There’s reason for recent graduates and college seniors majoring in journalism and communications to be optimistic. The job market for them is improving.
According to
an annual study from the University of Georgia, 2011 graduates in this field were “more likely to report having a job upon graduation, more likely to report having a full-time job, and more likely to be working in communication than were graduates a year earlier.”
Women reported higher rates of employment than men—a consistent trend year over year, according to the study’s authors. But in 2011, the difference was more pronounced, because “women are more likely to specialize in advertising and public relations than are men.”
The job market among PR and advertising grads is better than those who tend toward journalism, the study said. According to the authors:
“Graduates who had concentrated in public relations reported a comparable level of full-time employment to those in advertising, but for the public relations students, the market in 2011 was better than a year earlier. As in the past, it was better to be an advertising or public relations graduate in 2011 than a graduate in print journalism or telecommunications.”

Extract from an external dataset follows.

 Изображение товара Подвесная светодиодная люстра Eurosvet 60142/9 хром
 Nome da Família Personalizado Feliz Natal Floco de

Full-time jobs for graduates studying “news-editorial journalism,” which the study described as traditional print-based journalism, saw a “hefty increase” compared with a year earlier. “But the previous year had been a disastrous one, and the level of employment remains low in historic terms,” the study said.

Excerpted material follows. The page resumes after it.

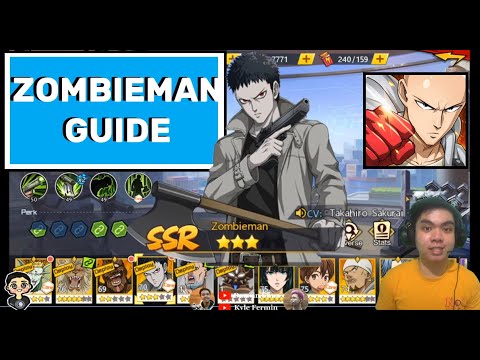 Zombieman Guide! | Gear and Lineup | One Punch Man: The Strongest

Two-thirds of graduates finding work said their jobs involved writing for the Web, a comparable number compared to 2010.
Salaries among graduates with full-time jobs are also up, though the study notes that once the paychecks are adjusted for inflation, the gains in pay are modest. In fact, the study says 2011 graduates are earning less in inflation-adjusted dollars than those who received their diplomas in 2006.
The study found that the median fulltime salary of graduates with bachelor’s degrees in journalism and communication is $31,000, a boost from $30,000 in 2010, the study said. Graduates with master’s degrees reported median salaries of $40,000, up from $36,200 the previous year.

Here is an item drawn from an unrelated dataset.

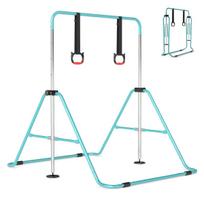 Reguliuojamo aukščio gimnastikos skersinis vaikams, 93-132 cm, mėtų spalvos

Those who found a job in advertising reported average salaries that were $1,000 higher than the previous year. Salaries for grads landing jobs in PR were nearly the same, according to the study.
Graduates who found fulltime jobs in newspapers, magazines, radio, and broadcast TV reported salaries that were below the median earned by graduates overall. Those with jobs in cable had salaries at the median. Grads with jobs in PR, advertising, specialized publishing, and online publisher were above the median.
The study by the James M. Cox Jr. Center for International Mass Communication Training and Research at the University of Georgia surveyed 2,195 bachelor and master degree recipients in journalism and mass communication.